Essa data sempre foi valorizada na sua família. Cultura herdada dos antepassados europeus, onde a figura materna é extremamente importante. Ela ganhou essa valorização ao nascer seu primeiro filho, na metade do século XX. Ainda era muito jovem e conhecida pela ativa participação nos movimentos emancipacionistas da época.
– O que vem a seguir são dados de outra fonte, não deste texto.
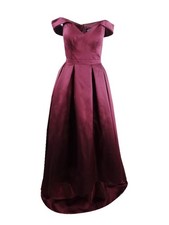Xscape Women's Off-The-Shoulder High-Low Gown (2, Burgundy) 191837043756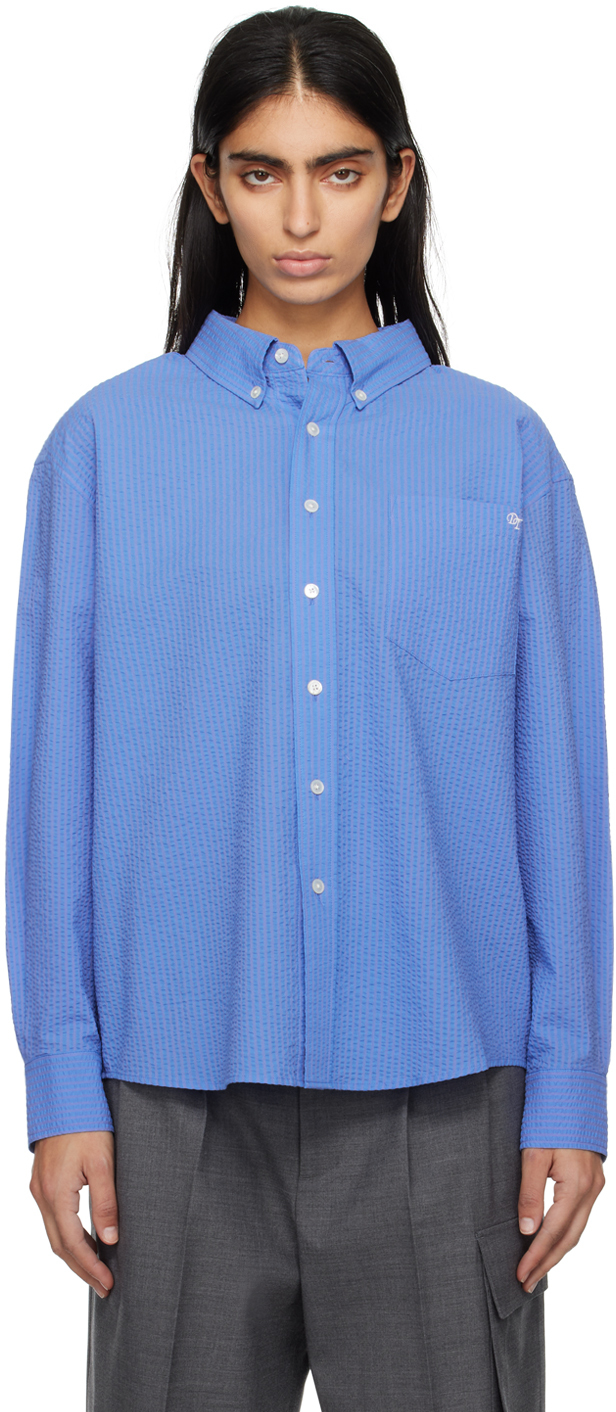 Dunst Blue Spread Collar Shirt In Seersucker Blue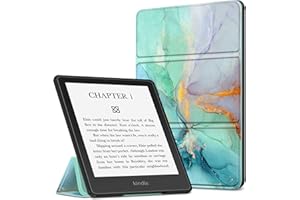 Fintie Etui do 6,8" Kindle Paperwhite (11. Generation - 2021) i Kindle Paperwhite Signature Edition - ultra cienki super lekki stojak pokrowiec ochronny z funkcją automatycznego uśpienia / wosku (Z- Szmaragdowy Marmur)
Sua rebeldia, inicialmente reprimida pela autoridade paterna, acabou sendo sepultada pelo casamento, em nome da paz familiar.

Ainda assim, em 1962, comemorou a emancipação da mulher casada, sofreu pelo seu povo durante a ditadura, celebrou a Lei do Divórcio, em 1977, e acompanhou a promulgação da constituição cidadã, em 1988. Apesar de sua inteligência e conhecimento, exerceu unicamente a função de dona de casa. Porém, influenciada pelo ideal feminista, cumpriu a promessa feita a si mesma: de que suas filhas usufruiriam da liberdade e da independência econômica.

A velha senhora sabe que abriu espaço para a geração das mulheres que lhe seguiram, ainda que a família jamais tenha reconhecido sua luta, julgando que seus únicos interesses limitavam-se às questões domésticas.

Afastada daquele lar que cuidou por mais de cinco décadas, finge ignorar que o lugar onde se encontra é apenas um luxuoso asilo. Os seus dias passaram a ser uma longa espera pelos finais de semana, pela "visita" à sua própria casa. No entanto, agora até isso lhe está sendo negado. A pandemia lhe tirou esse prazer, assim como trouxe a proibição do aconchego de um abraço e do calor de um beijo.

A mulher que acompanhou tantas mudanças sociais, que transformou sonhos em realidade, que é fruto de uma geração tão forte, difusora da paz, da liberdade e do amor, no final de sua vida se depara com um inimigo invisível e mortal, perdendo o que tinha de mais precioso: a companhia de sua família.

Resta a esperança, não só para ela, mas para todos os idosos na mesma condição, de que o sofrimento da separação imposta sensibilize os corações e que as portas novamente se abram, trazendo-os definitivamente de volta para seus lares.